## DESCRIPTION OF THE TASK
Every record must be repeated exactly; omit any pictures they contain.

====

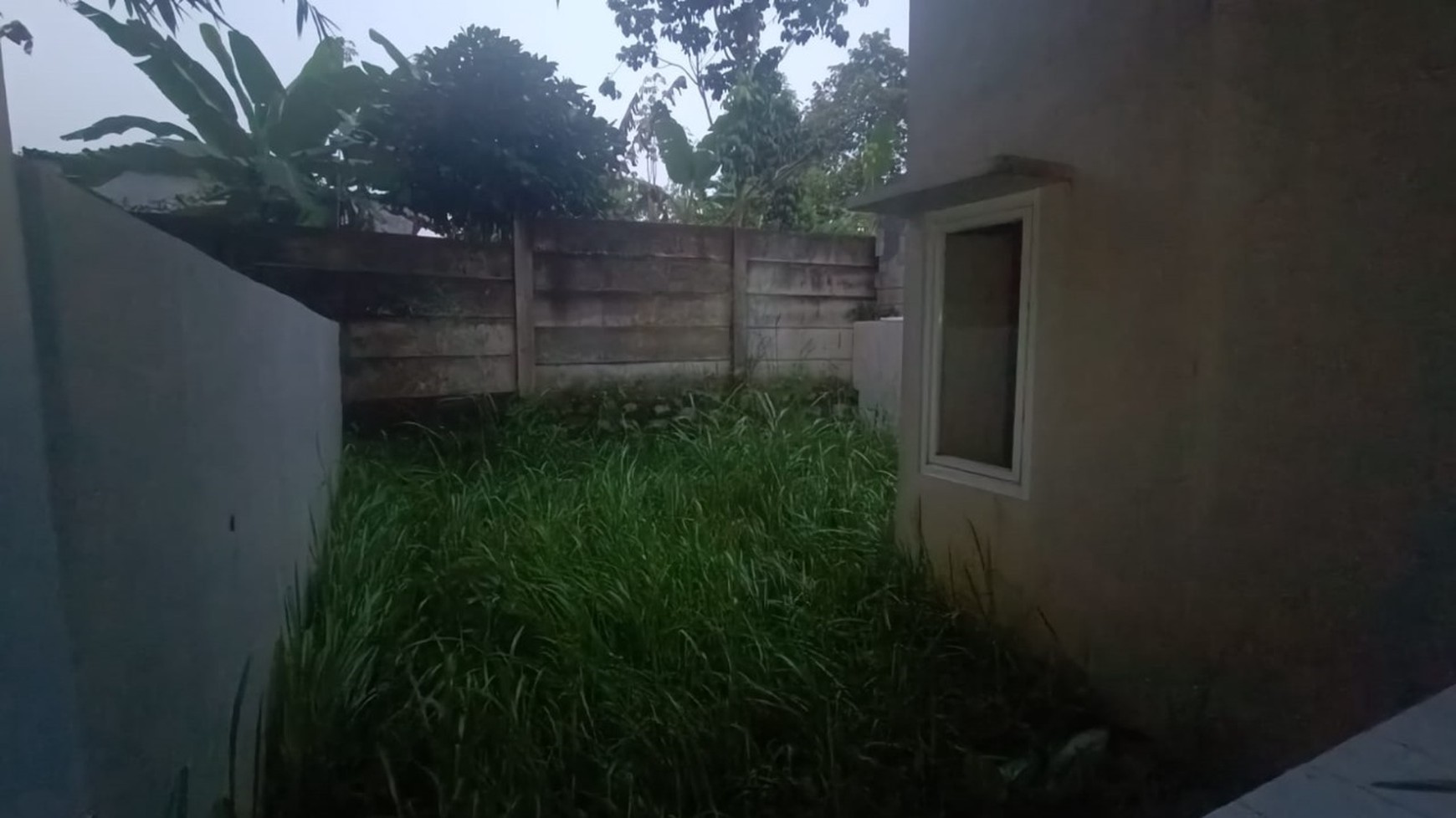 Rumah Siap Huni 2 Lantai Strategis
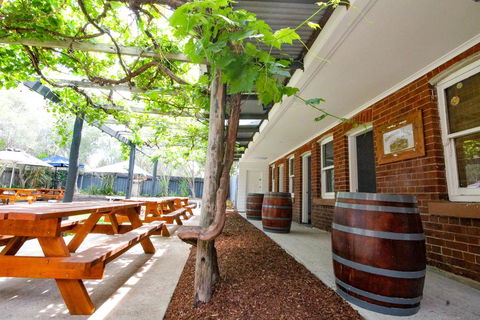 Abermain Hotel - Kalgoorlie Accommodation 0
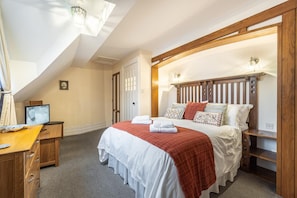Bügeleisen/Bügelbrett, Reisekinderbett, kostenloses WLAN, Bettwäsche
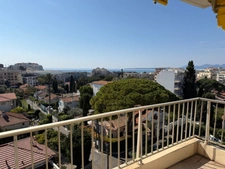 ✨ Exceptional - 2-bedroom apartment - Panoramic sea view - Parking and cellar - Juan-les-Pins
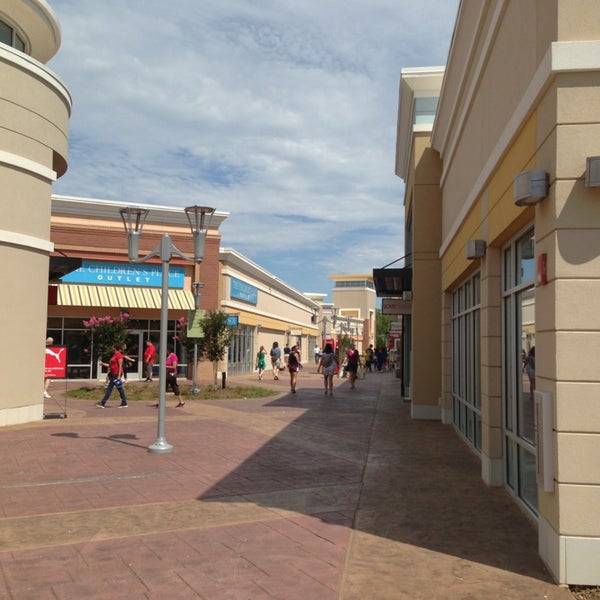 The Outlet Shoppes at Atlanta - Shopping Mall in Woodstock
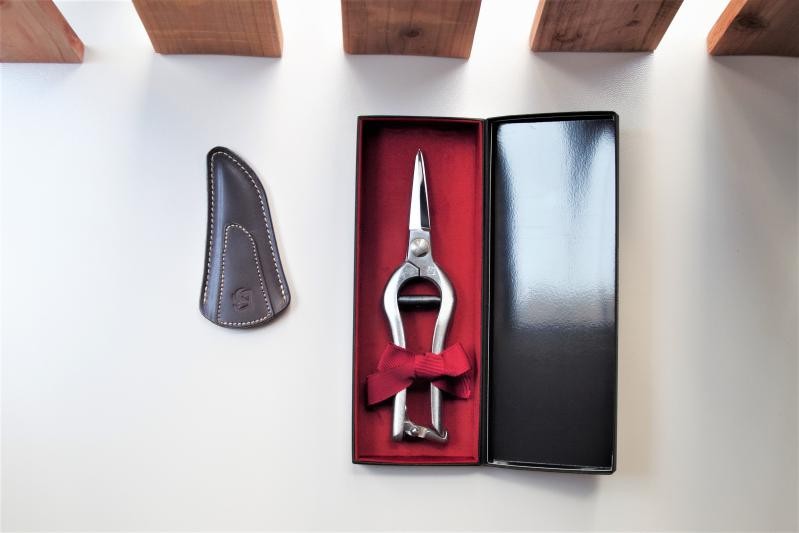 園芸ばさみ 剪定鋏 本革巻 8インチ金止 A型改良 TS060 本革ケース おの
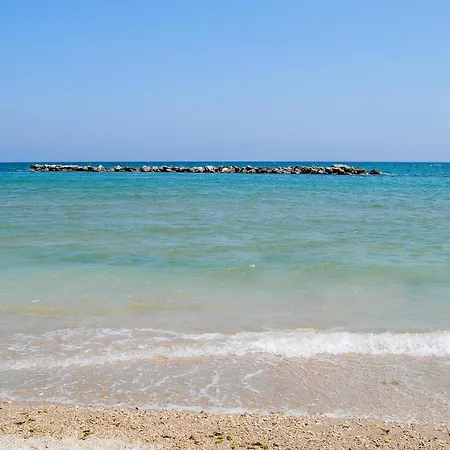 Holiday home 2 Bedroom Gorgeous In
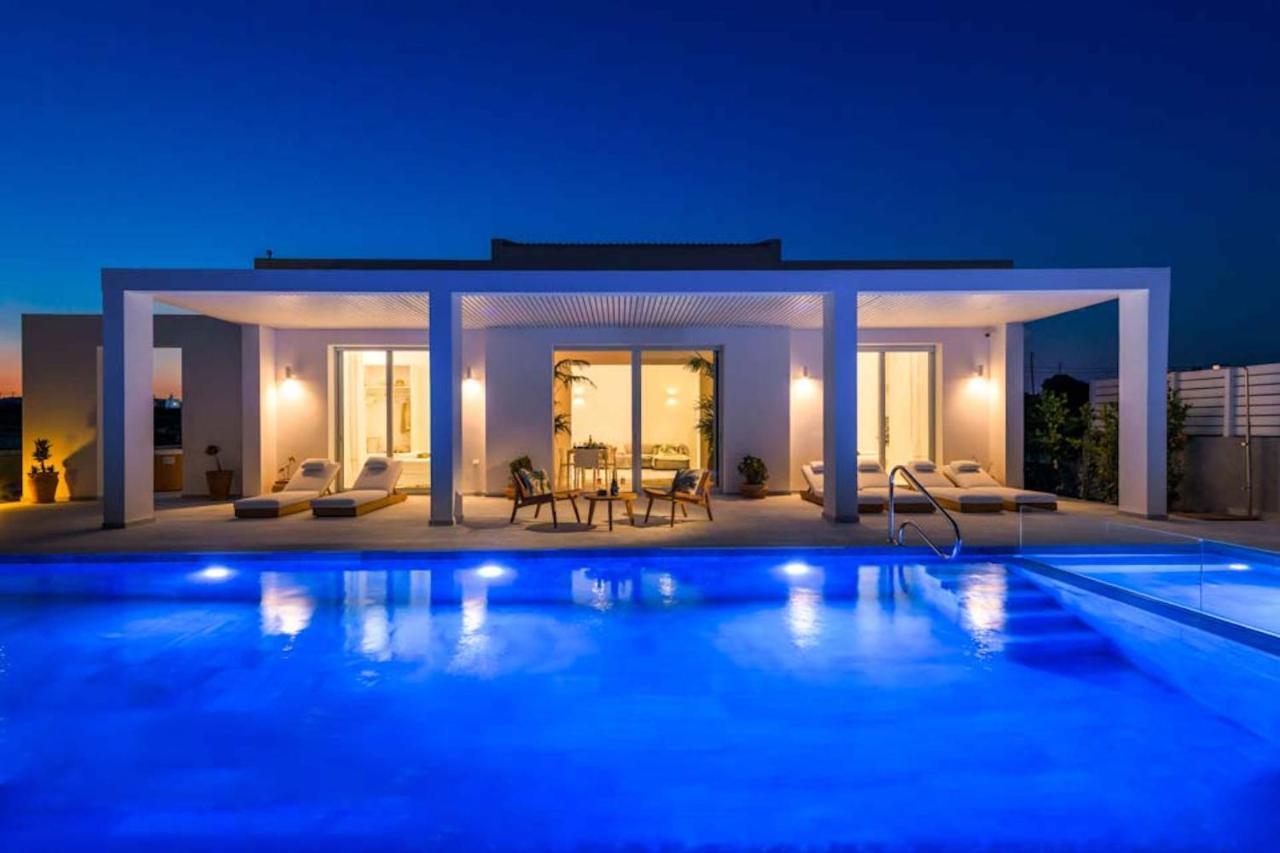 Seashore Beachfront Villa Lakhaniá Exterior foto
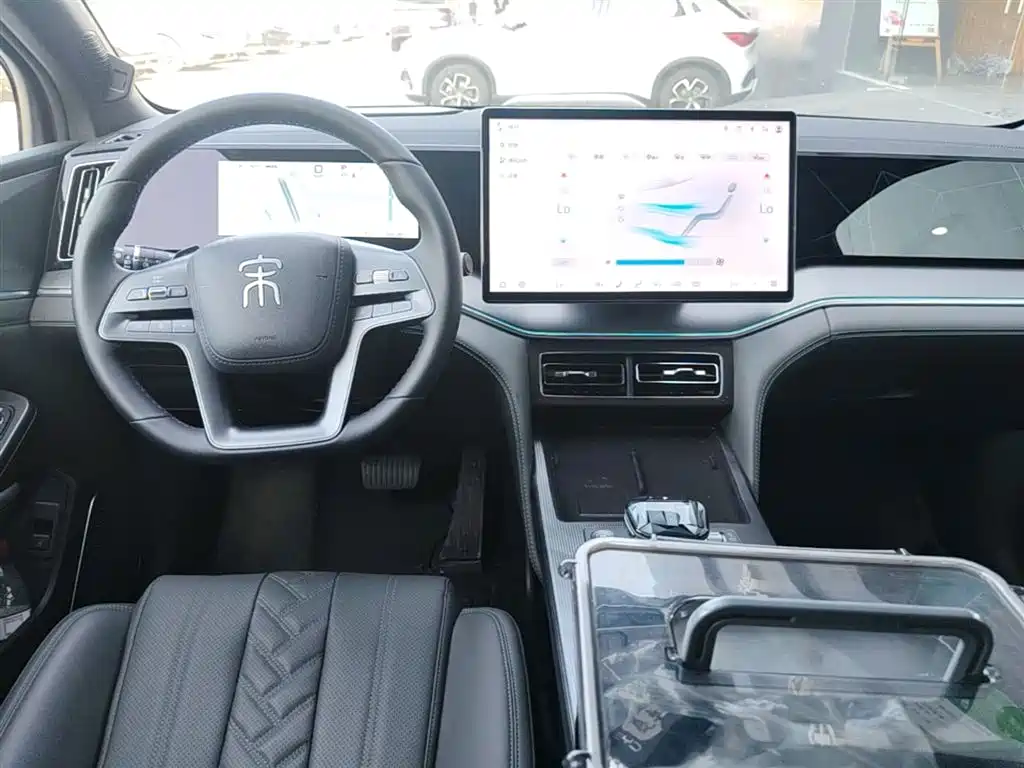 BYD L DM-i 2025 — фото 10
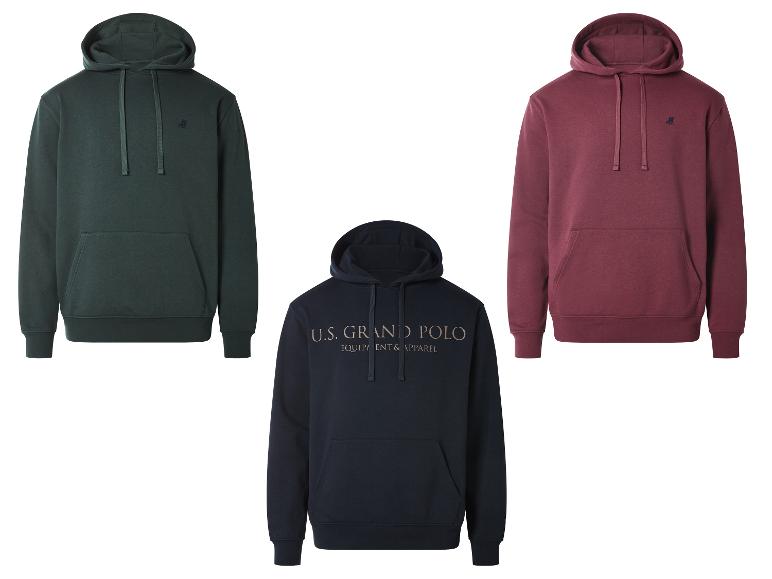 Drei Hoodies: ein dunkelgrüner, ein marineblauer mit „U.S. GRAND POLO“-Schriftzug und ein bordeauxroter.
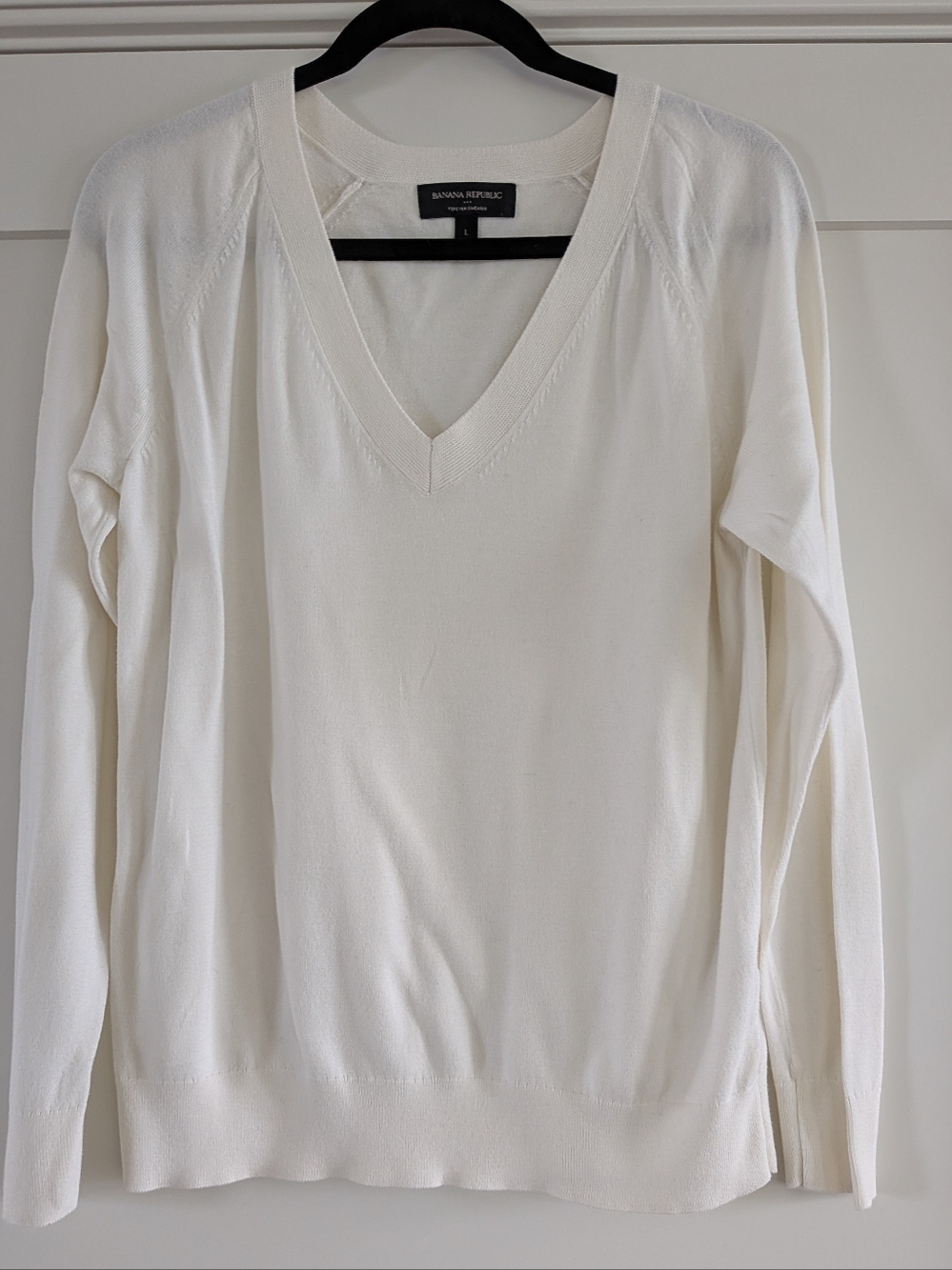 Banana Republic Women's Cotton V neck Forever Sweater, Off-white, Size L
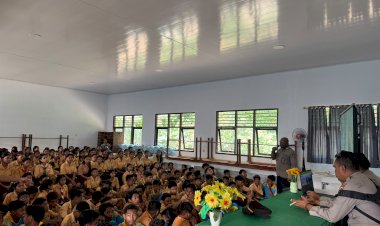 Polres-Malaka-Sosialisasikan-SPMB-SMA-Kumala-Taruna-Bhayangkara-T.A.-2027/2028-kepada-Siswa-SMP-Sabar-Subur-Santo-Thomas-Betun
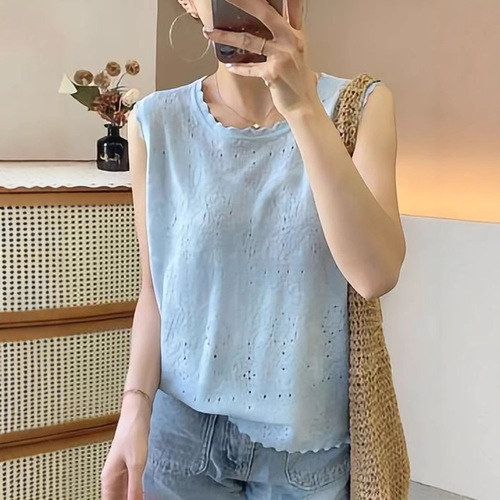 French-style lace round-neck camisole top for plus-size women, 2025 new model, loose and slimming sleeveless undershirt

====

## TASK RESPONSE
 Rumah Siap Huni 2 Lantai Strategis
 Abermain Hotel - Kalgoorlie Accommodation 0
Bügeleisen/Bügelbrett, Reisekinderbett, kostenloses WLAN, Bettwäsche
 ✨ Exceptional - 2-bedroom apartment - Panoramic sea view - Parking and cellar - Juan-les-Pins
 The Outlet Shoppes at Atlanta - Shopping Mall in Woodstock
 園芸ばさみ 剪定鋏 本革巻 8インチ金止 A型改良 TS060 本革ケース おの
 Holiday home 2 Bedroom Gorgeous In
 Seashore Beachfront Villa Lakhaniá Exterior foto
 BYD L DM-i 2025 — фото 10
 Drei Hoodies: ein dunkelgrüner, ein marineblauer mit „U.S. GRAND POLO“-Schriftzug und ein bordeauxroter.
 Banana Republic Women's Cotton V neck Forever Sweater, Off-white, Size L
 Polres-Malaka-Sosialisasikan-SPMB-SMA-Kumala-Taruna-Bhayangkara-T.A.-2027/2028-kepada-Siswa-SMP-Sabar-Subur-Santo-Thomas-Betun
 French-style lace round-neck camisole top for plus-size women, 2025 new model, loose and slimming sleeveless undershirt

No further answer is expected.